- German film poster
- German: Mutterliebe
- Directed by: Gustav Ucicky
- Written by: Hans Flemming (novel) Gerhard Menzel
- Produced by: Karl Hartl Erich von Neusser
- Starring: Käthe Dorsch; Paul Hörbiger; Wolf Albach-Retty;
- Cinematography: Hans Schneeberger
- Edited by: Rudolf Schaad
- Music by: Willy Schmidt-Gentner
- Production company: Wien-Film
- Distributed by: UFA
- Release date: 19 December 1939;
- Running time: 106 minutes
- Country: Germany
- Language: German

= A Mother's Love (1939 film) =

1939 film

A Mother's Love or Mother Love (Mutterliebe) is a 1939 drama film directed by Gustav Ucicky and starring Käthe Dorsch, Paul Hörbiger and Wolf Albach-Retty.

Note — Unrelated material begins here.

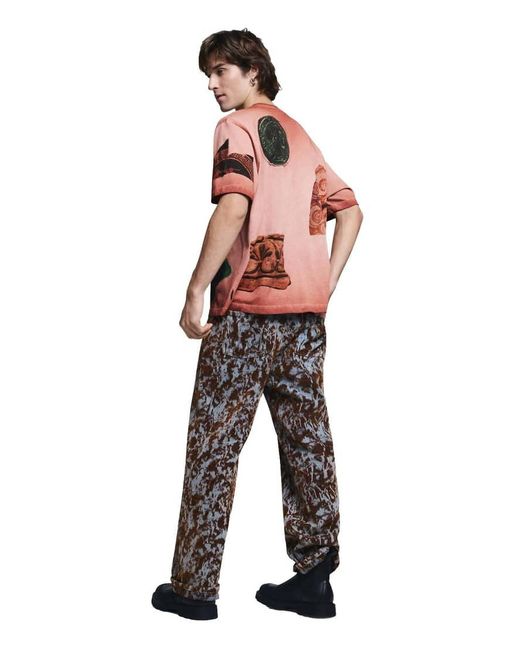 Desigual Orange Short-Sleeved Patchwork T-Shirt for men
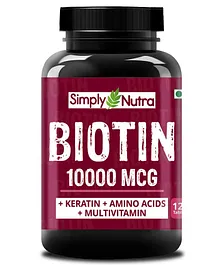 Simply Nutra Biotin Amino Acids and Keratin Tablets - 120 Pieces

It was made by the Vienna-based Wien-Film which had been established following the German annexation of Austria the previous year. The film's sets were designed by the art directors Kurt Herlth and Werner Schlichting.

The film portrays the various sacrifices of a mother for her children. It was one of the comparatively few films made in Nazi Germany that celebrated the role of mothers in society, despite the Nazi Party's official promotion of a cult of motherhood.